With everyone anxiously awaiting potentially blockbuster decisions on issues from affirmative action to voting rights to same-sex marriage, it is easy to criticize the Supreme Court for being too slow.

After all, Fisher, the affirmative-action case involving the University of Texas, was argued in Supreme Court back in October. By historical standards, the court is deciding very few cases: it issued 167 with opinions in the 1981 term, but is expected to decide only 77 this term. Why save all of the big calls for the end? Are the justices trying to create maximum suspense to get more attention?
These criticisms fundamentally misunderstand both the modern Supreme Court’s mission and the psychology of the justices. There may be a lot of reasons to criticize the court, but the end-of-the-term crunch is not one of them.
Consider first the Supreme Court’s mission. Justices are unlike legislators, who simply vote to express their preferences. Justices are expected to give reasons for their decisions. Further, the court on some of the toughest questions is divided along strong ideological lines. For example, a majority opinion from a conservative justice can generate a dissenting opinion from a liberal justice. The dissenting justice won’t just say “I disagree,” but will offer reasons—reasons that the dissenting justice writes not only for history but in the hopes that one day a majority of justices will change their minds and adopt the dissenting view in a majority opinion. Both a majority and dissenting opinions will be circulated within the court, and each opinion will be modified numerous times to respond to the arguments of the other side, and to respond to the concerns of other justices who may join one or more of the opinions. Sometimes a justice will agree with the result but not with the reasoning of an opinion, and that justice will write separately, prompting another round of revisions.
It is easy to see why, in the most difficult cases, this process can take time. If we want our justices to be deliberative, comprehensive, careful, and transparent, we should celebrate, not bemoan, the fact that the hardest opinions come at the end.
The justices also have their own personal reasons for wrapping things up. Many commit to teaching in very nice locations over the summer. Some of the clerks are ready to leave, too, after a grueling year in a tough job. And, face it, no one really wants to be in humid Washington, D.C., at the end of June when they can be somewhere else.

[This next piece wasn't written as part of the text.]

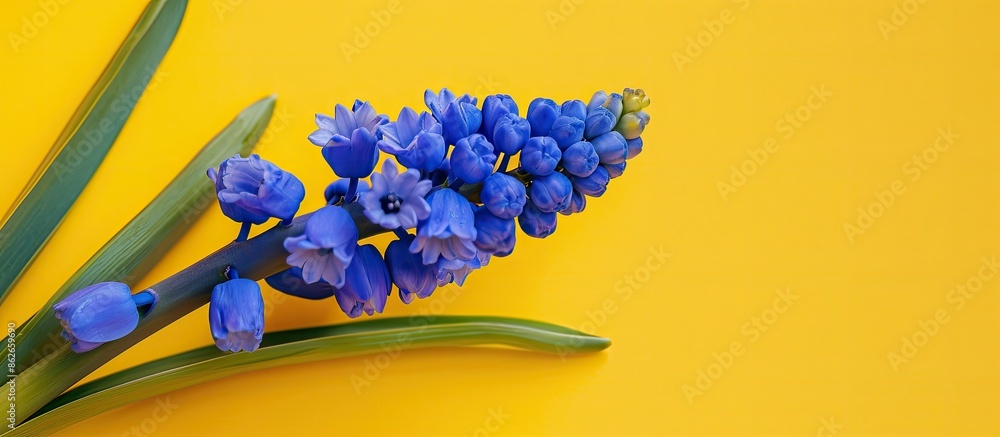 Poster A Blue Grape Hyacinth flower contrasting a yellow backdrop, creating a vibrant spring copy space image.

Sometimes the end of the term surprises. A few years ago, at the end of the term, the court announced that it was not going to decide Citizens United v. FEC, the case that eventually held that corporations have a First Amendment right to spend money supporting or opposing candidates in elections. Rumor has it that Justice David Souter had circulated a draft dissent that criticized the majority for deciding the case on grounds that the parties had not fully argued in court. The court announced a re-argument in the case for the following term, giving the parties a chance to brief that argument.
This term too could end with surprises. One possibility is that a court majority will decide that it never should have taken California’s Proposition 8 same sex-marriage case to begin with (because those supporting the law did not have legal standing to defend it), and the case could be dismissed over the strenuous objections of other justices.
We just don’t know yet. There are 11 cases remaining for the court to decide, and it is likely that all 11 will be decided by the end of next week. But there are no guarantees. The court has gone into July to issue opinions when necessary.
So criticize the court all you want if you disagree with the decisions it will ultimately reach. But not for being too slow.